Make the drummer play softer and turn down everything. Seriously. He can practice his hard-hitting playing on his own. Band practice is there to practice playing with other people, so unless you have a great sounding PA and a good room, just turn it down. If you are not a medium-level band you'll be playing small clubs anyway and a drummer who is not that loud will be worth his weight in gold there. My drummer is extremely powerful, but he plays really soft if the situation needs it.

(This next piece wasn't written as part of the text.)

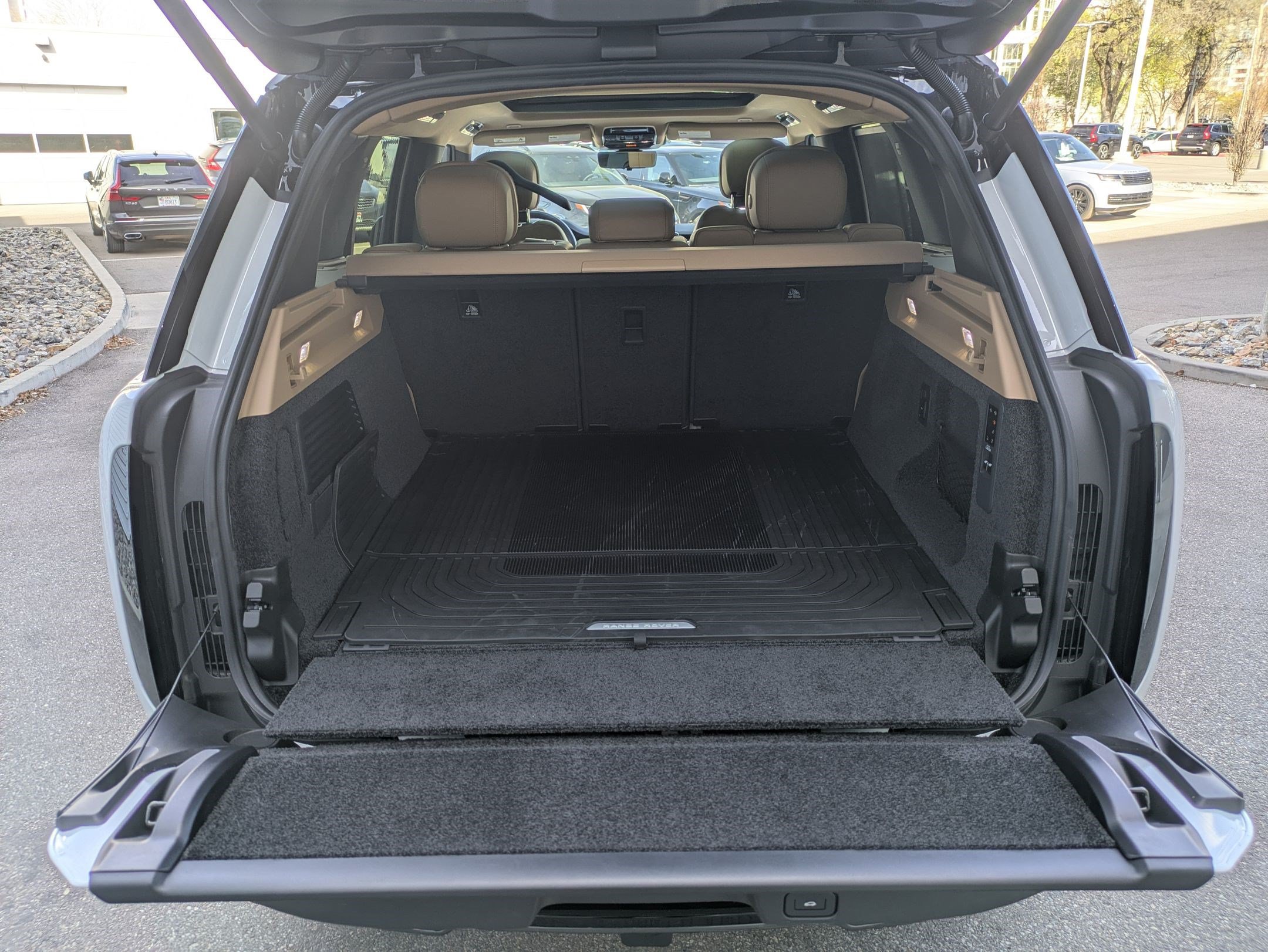 New 2026 Land Rover Range Rover SE AWD/4WD image 30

Sounds MUCH better in smaller clubs!
Also: all of a sudden you'll start hearing all the mistakes.
my thoughts exactly.
we're using a comparable setup (2 vocal mics, trigger, behringer mixer, can't recall the poweramp right now though) and there are zero problems with the PA being too quiet.

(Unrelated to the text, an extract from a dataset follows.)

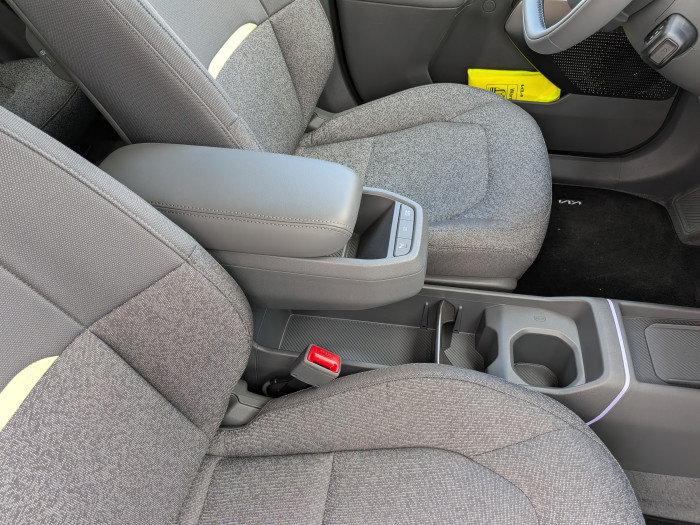 Zwischen den bequemen Frontsitzen ist eine kleine Mittelkonsole eingebaut. (Bild: Tobias Költzsch/Golem)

aside from the advice quoted above, make sure your guitar amps are dialed right...the sounds should compliment each other. use less gain, more mids, so your sound becomes more punchy and cutting at a lower relative volume. (yes, mids are good, even in a death metal band

)
regarding the PA, be sure that the mic input gain is set right. enable the low cut on the mic channels. on the trigger, use a sound that's mainly click, with little to no bass thump - remember, there already IS a fat bassdrum being played in the room, so all you should use the trigger for is some top end click to make it more audible and cutting. you'll need much less volume this way.
set up the Pspeakers correctly, i.e. not on the floor, and be careful not to have your vocalist directly in front of them (feedback!).
if you follow these guidelines there shouldn't really be the need for a big EQ imho.
live sound (even band rehearsals) depends on basically the same things as studio sound....you have to make space for each instrument to sit in, so that things are complimenting and not fighting each other.